→ Stored data
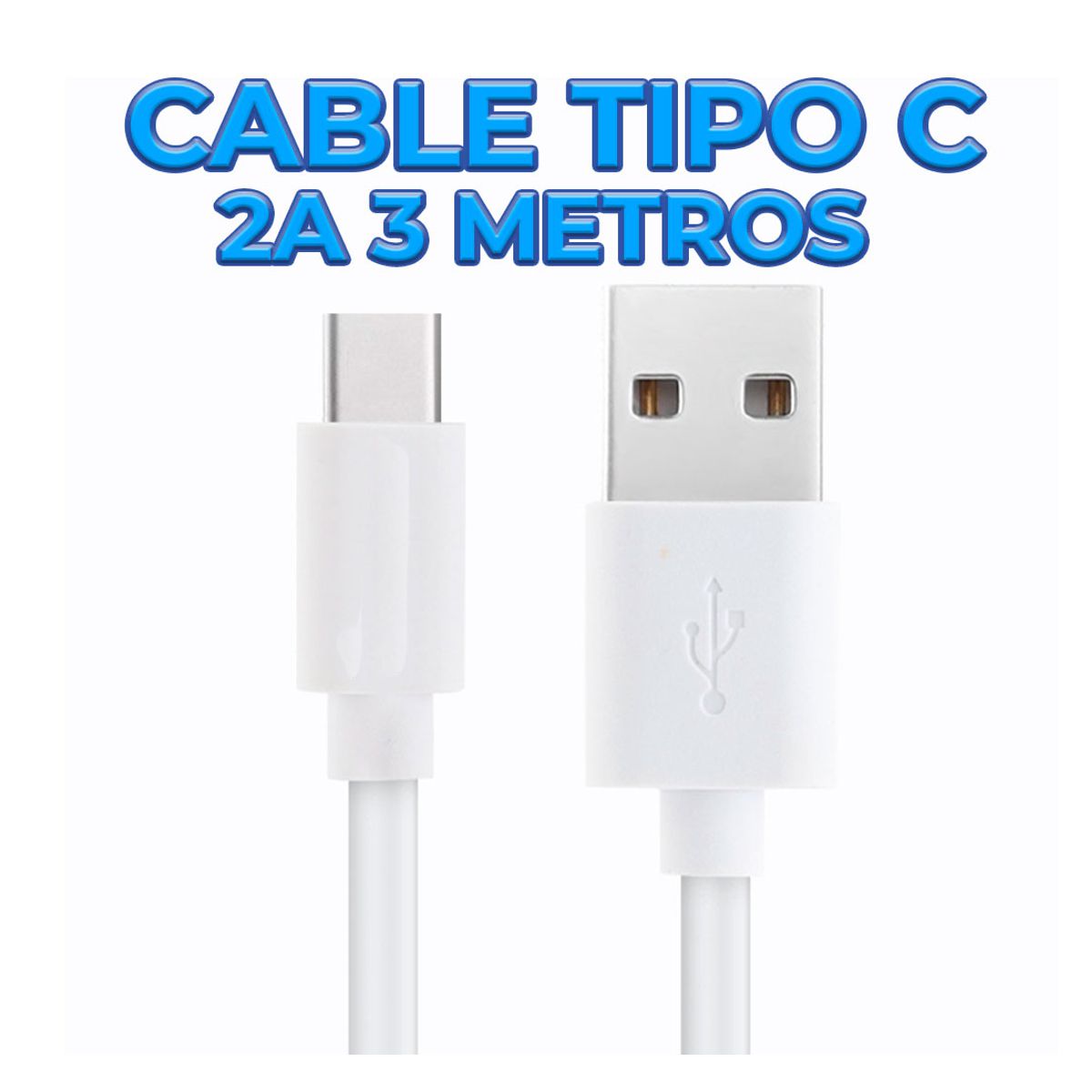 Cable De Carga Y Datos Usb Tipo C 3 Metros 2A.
* * *
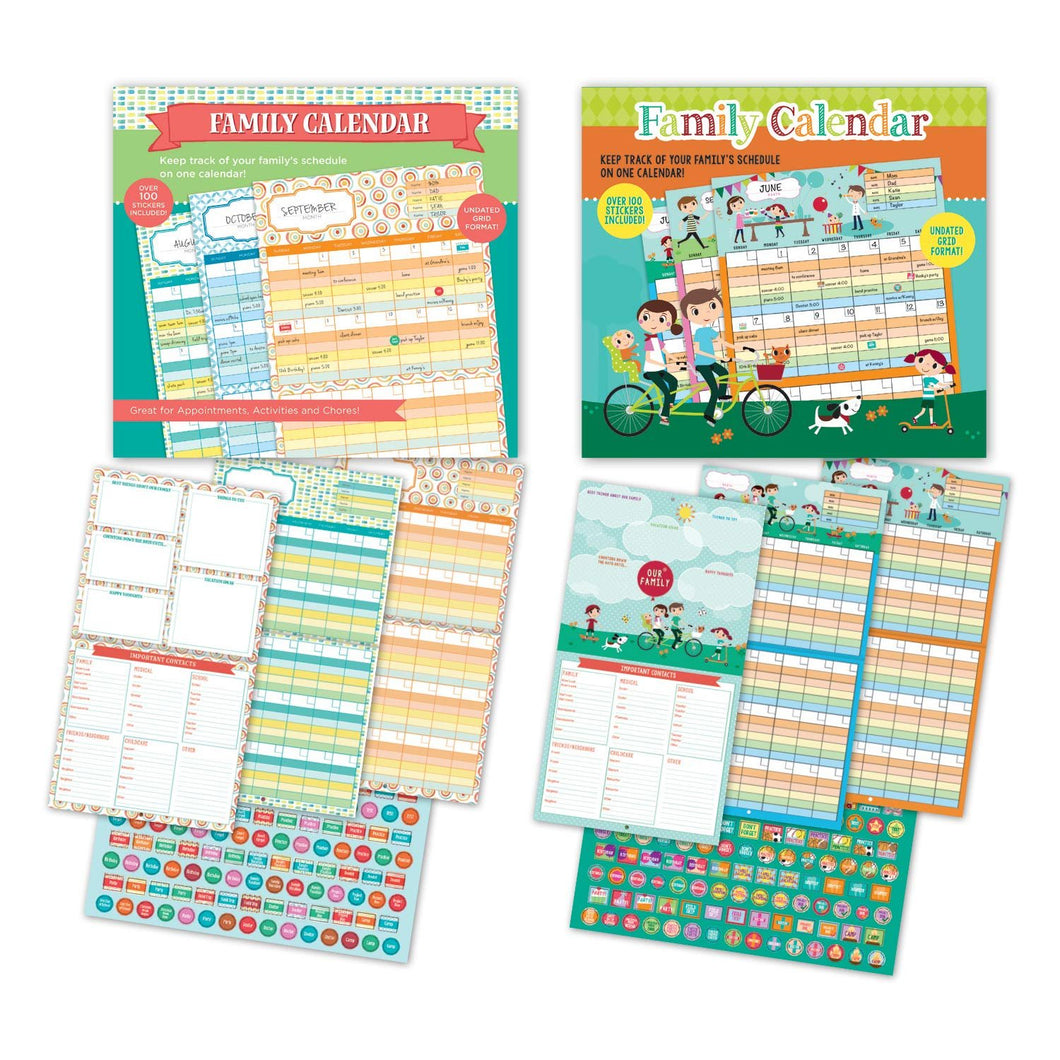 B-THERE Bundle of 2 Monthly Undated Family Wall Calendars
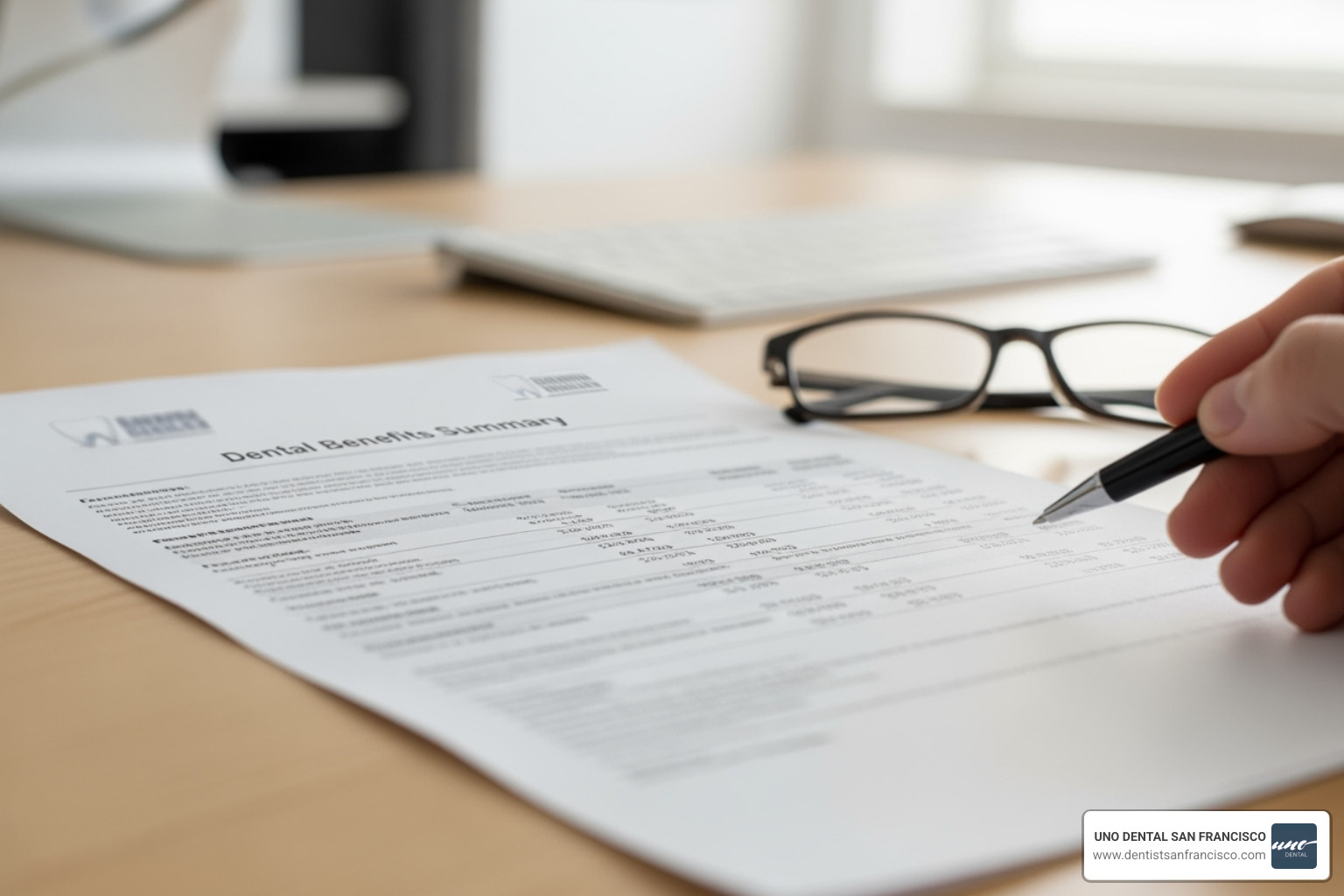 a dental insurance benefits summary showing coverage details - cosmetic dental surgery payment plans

→ Problem
Copy back exactly the lines above from the one containing "B-THERE Bundle of" through the one containing "a dental insurance", and leave every picture behind.

→ Answer to this problem
 B-THERE Bundle of 2 Monthly Undated Family Wall Calendars
 a dental insurance benefits summary showing coverage details - cosmetic dental surgery payment plans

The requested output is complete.